## Work request
All records, exactly as written, minus the pictures: copy them out.

(Image-caption web data)

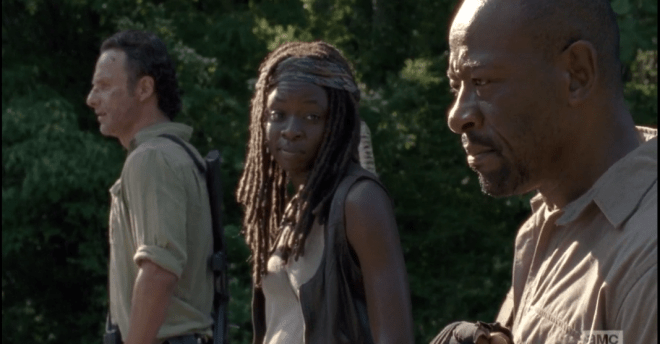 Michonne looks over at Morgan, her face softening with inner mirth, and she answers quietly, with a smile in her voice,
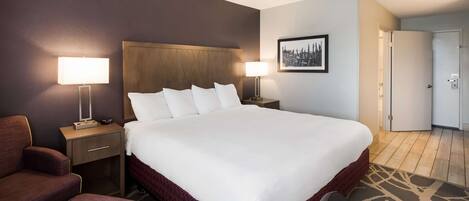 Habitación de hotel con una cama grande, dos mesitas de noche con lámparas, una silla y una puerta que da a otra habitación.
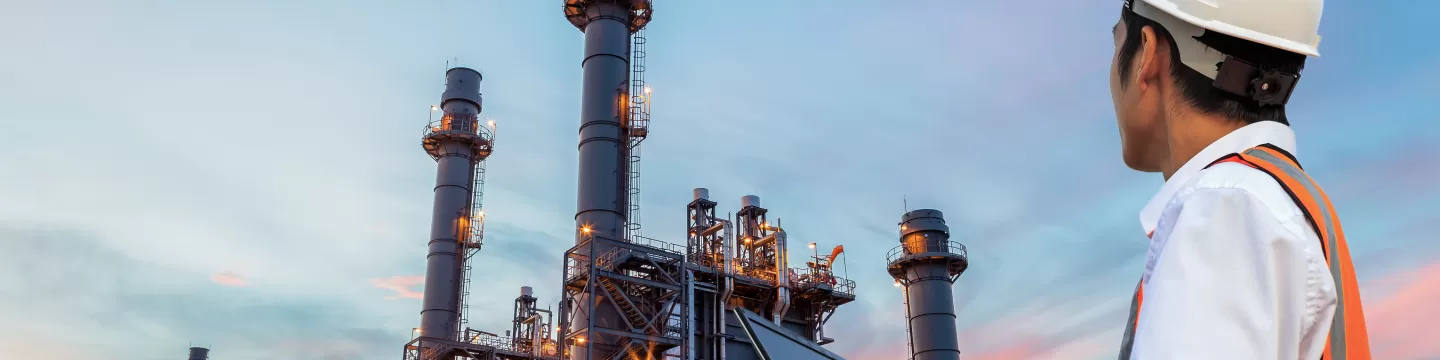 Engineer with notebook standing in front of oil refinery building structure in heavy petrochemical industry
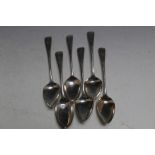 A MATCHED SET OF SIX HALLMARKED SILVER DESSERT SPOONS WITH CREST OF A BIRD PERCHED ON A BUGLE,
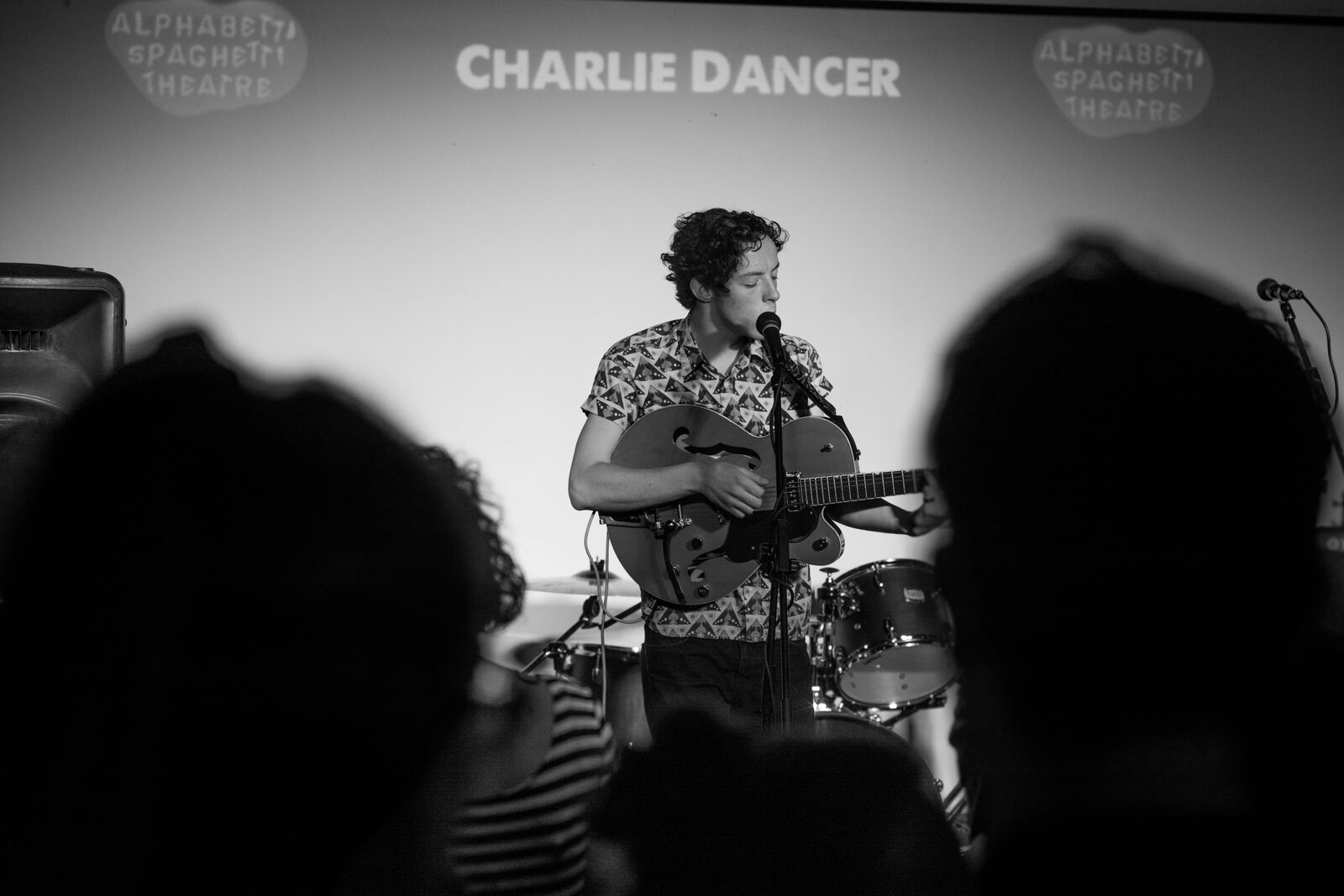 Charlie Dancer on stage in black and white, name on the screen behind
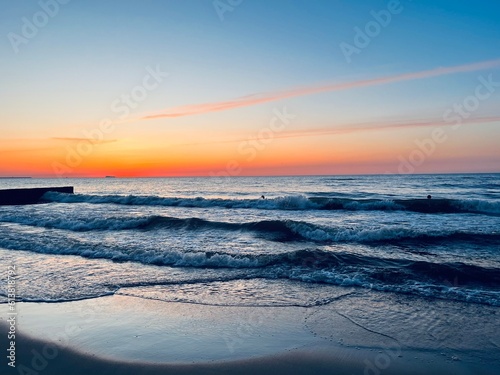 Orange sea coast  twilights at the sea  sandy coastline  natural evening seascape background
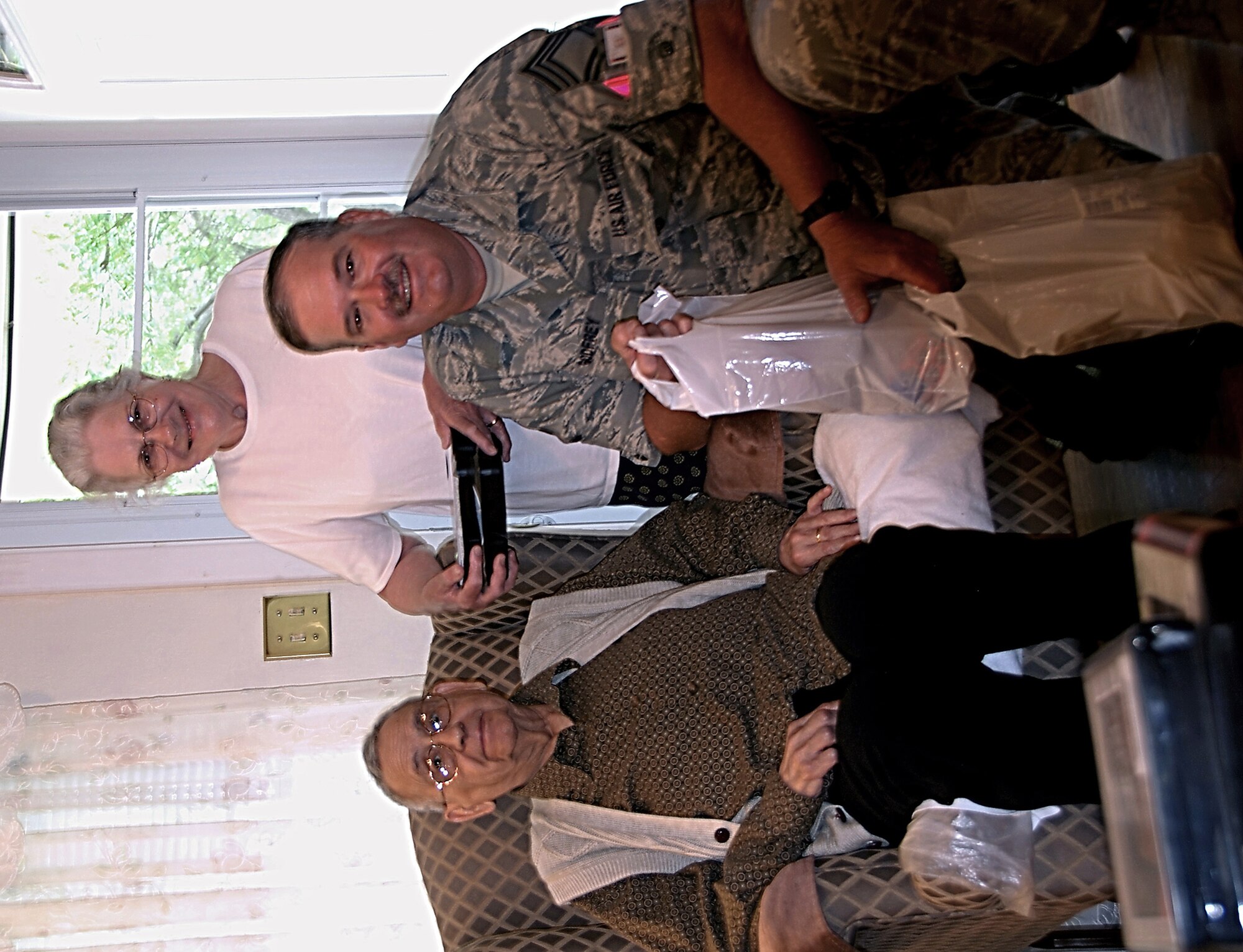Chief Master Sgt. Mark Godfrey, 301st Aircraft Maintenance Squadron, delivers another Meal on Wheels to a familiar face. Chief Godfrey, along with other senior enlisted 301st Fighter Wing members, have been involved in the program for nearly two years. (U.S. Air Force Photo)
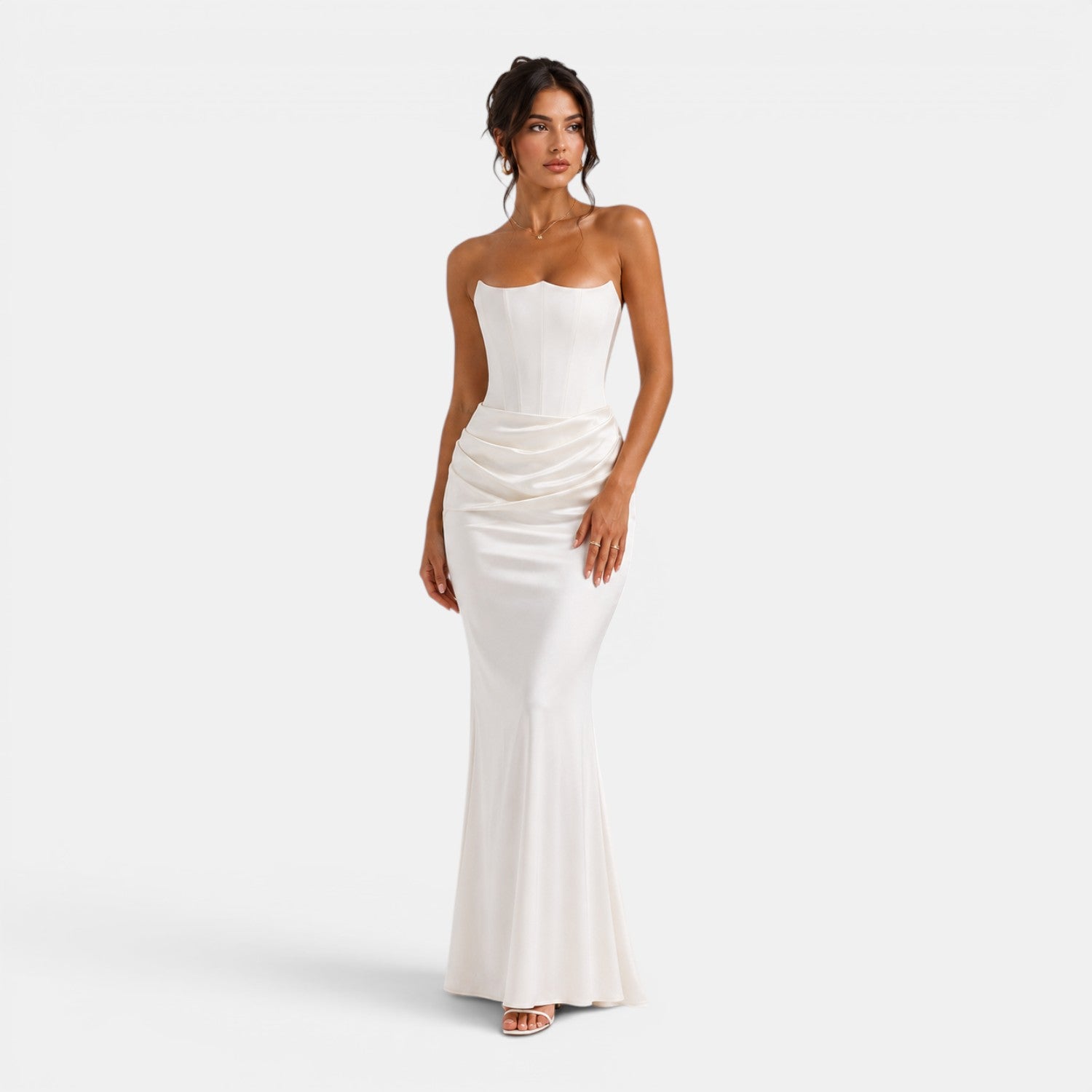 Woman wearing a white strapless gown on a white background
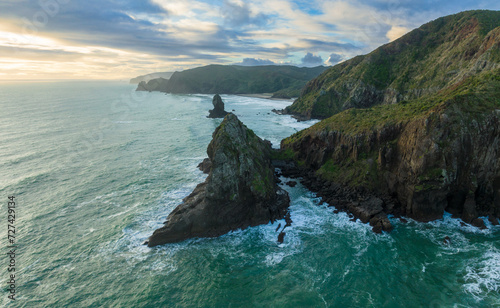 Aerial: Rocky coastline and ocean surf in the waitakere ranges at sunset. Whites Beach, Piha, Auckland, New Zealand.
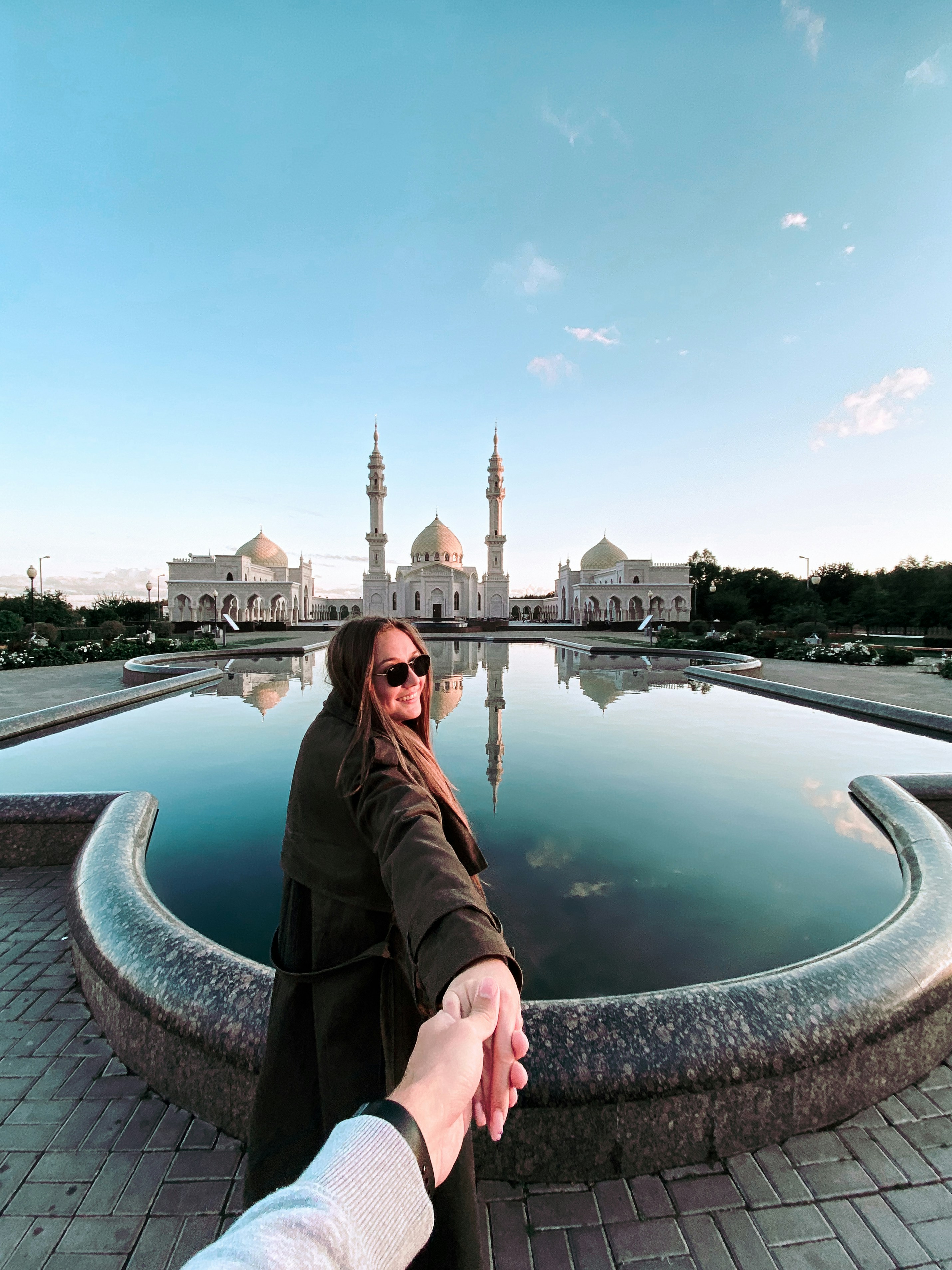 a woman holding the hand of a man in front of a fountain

## Response to the task
 Michonne looks over at Morgan, her face softening with inner mirth, and she answers quietly, with a smile in her voice,
 Habitación de hotel con una cama grande, dos mesitas de noche con lámparas, una silla y una puerta que da a otra habitación.
 Engineer with notebook standing in front of oil refinery building structure in heavy petrochemical industry
 A MATCHED SET OF SIX HALLMARKED SILVER DESSERT SPOONS WITH CREST OF A BIRD PERCHED ON A BUGLE,
 Charlie Dancer on stage in black and white, name on the screen behind
 Orange sea coast  twilights at the sea  sandy coastline  natural evening seascape background
Chief Master Sgt. Mark Godfrey, 301st Aircraft Maintenance Squadron, delivers another Meal on Wheels to a familiar face. Chief Godfrey, along with other senior enlisted 301st Fighter Wing members, have been involved in the program for nearly two years. (U.S. Air Force Photo)
 Woman wearing a white strapless gown on a white background
 Aerial: Rocky coastline and ocean surf in the waitakere ranges at sunset. Whites Beach, Piha, Auckland, New Zealand.
 a woman holding the hand of a man in front of a fountain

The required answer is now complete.